2. Tax laws are to be interpreted liberally in favor of taxpayers; words defining things to be taxed may not be extended beyond their clear import; doubts must be resolved against the Government and in favor of the taxpayer. P. 284 U. S. 508.
3. R.S. § 3224 is declaratory of the equitable rule that a suit will not lie to restrain the collection of a tax upon the sole ground of its illegality, and it should be construed as nearly as may be in harmony with that rule and the reasons upon which it rests. P. 284 U. S. 509.
4. The section is general, and should not be construed as abrogating, by implication, the other equitable principle which permits suit to restrain collection where not only is the exaction illegal, but there exist special and extraordinary circumstances sufficient to bring the case within some acknowledged head of equity jurisprudence. Id.
5. The Oleomargarine Tax Act, before the Amendment of July 10, 1930, did not apply to substances resembling butter but containing no animal fat. P. 284 U. S. 506.
The product in question was made exclusively of cocoanut and peanut oils, salt, water and harmless coloring matter, and was sold for cooking, baking and seasoning.

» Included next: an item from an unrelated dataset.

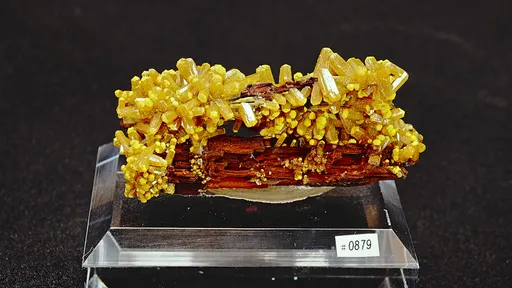 specimen video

6. Plaintiff made and sold a product not taxable under the Oleomargarine Act in reliance upon determinations by courts and the Commissioner of Internal Revenue interpreting the Act as inapplicable in like cases and upon assurance from the Bureau that its product would not be taxed. Later, the Commissioner changed his ruling, and, while not attempting to collect from other makers of like products who had obtained injunctions in which he had acquiesced and which had become final, directed that the tax be enforced against plaintiff's entire product from the beginning. This would have destroyed the business, ruined the plaintiff financially, and inflicted loss without remedy at law. Held that the Commissioner's action was not only based upon an erroneous construction of the statute, but was arbitrary and capricious, and that a suit could be maintained in the circumstances to enjoin the collection. Pp. 284 U. S. 508-510.
42 F.2d 79, 85, affirmed.
Certiorari to review affirmances of two decrees permanently enjoining collectors from collecting taxes imposed under the Oleomargarine Tax Law prior to the 1930 Amendment.